Let the area *AC* be contained by the rational straight line *AB* and the fourth binomial *AD* divided into its terms at *E*, of which terms let *AE* be the greater.

I say that the side of the area *AC* is the irrational straight line called major.

Since *AD* is a fourth binomial straight line, therefore *AE* and *ED* are rational straight lines commensurable in square only, the square on *AE* is greater than the square on *ED* by the square on a straight line incommensurable with *AE*, and *AE* is commensurable in length with *AB*.

Bisect *DE* at *F*, and apply to *AE* a parallelogram, the rectangle *AG* by *GE*, equal to the square on *EF*. Then *AG* is incommensurable in length with *GE*.

Draw *GH*, *EK*, and *FL* parallel to *AB*, and make the rest of the construction as before.

It is then manifest that *MO* is the side of the area *AC*.

It is next to be proved that *MO* is the irrational straight line called major.

Since *AG* is incommensurable with *EG*, therefore *AH* is also incommensurable with *GK*, that is, *SN* with *NQ*. Therefore *MN* and *NO* are incommensurable in square.

Since *AE* is commensurable with *AB*, therefore *AK* is rational, and it equals the sum of the squares on *MN* and *NO*. Therefore the sum of the squares on *MN* and *NO* is also rational.

Since *DE* is incommensurable in length with *AB*, that is, with *EK*, while *DE* is commensurable with *EF*, therefore *EF* is incommensurable in length with *EK*.

Therefore *EK* and *EF* are rational straight lines commensurable in square only.

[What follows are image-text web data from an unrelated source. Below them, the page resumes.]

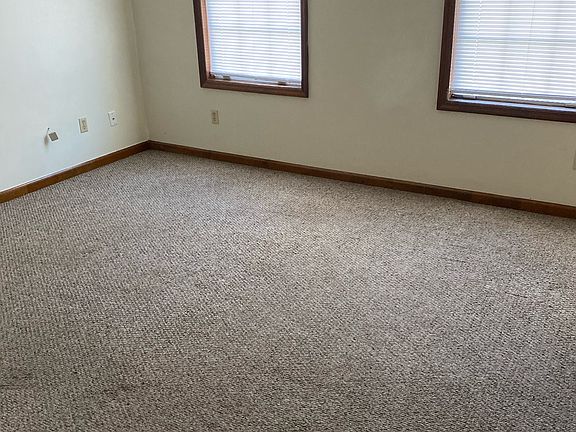 3rd image of 510 Dupont Ave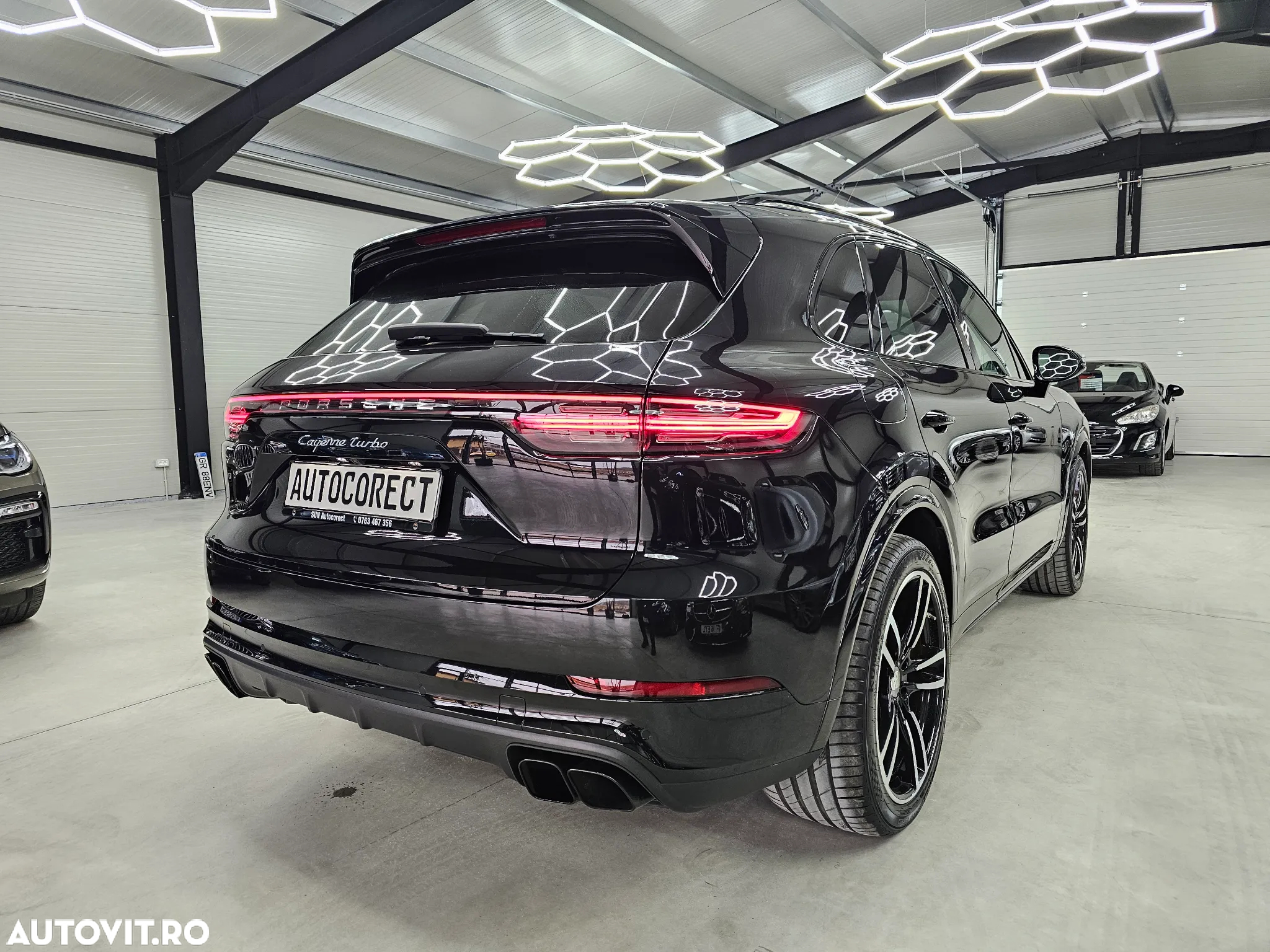 Porsche Cayenne Turbo - 6
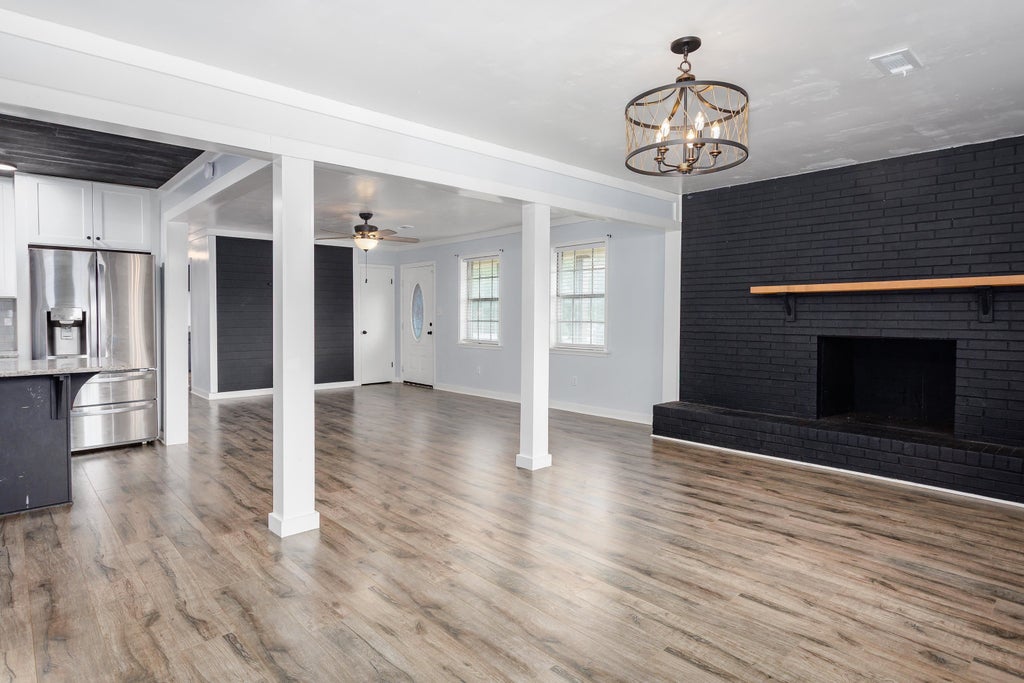 Photo of 1701 Linwood St SW, Hartselle, AL 35640 (MLS # 531377)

Therefore *LE*, that is, *MR*, is medial.

And it is contained by *MN* and *NO*, therefore the rectangle *MN* by *NO* is medial. And the sum of the squares on *MN* and *NO* is rational, and *MN* and *NO* are incommensurable in square.

But, if two straight lines incommensurable in square and making the sum of the squares on them rational, but the rectangle contained by them medial, are added together, then the whole is irrational and is called major. Therefore *MO* is the irrational straight line called major and is the side of the area *AC*.

Therefore, *if an area is contained by a rational straight line and the fourth binomial, then the side of the area is the irrational straight line called major.*

Q.E.D.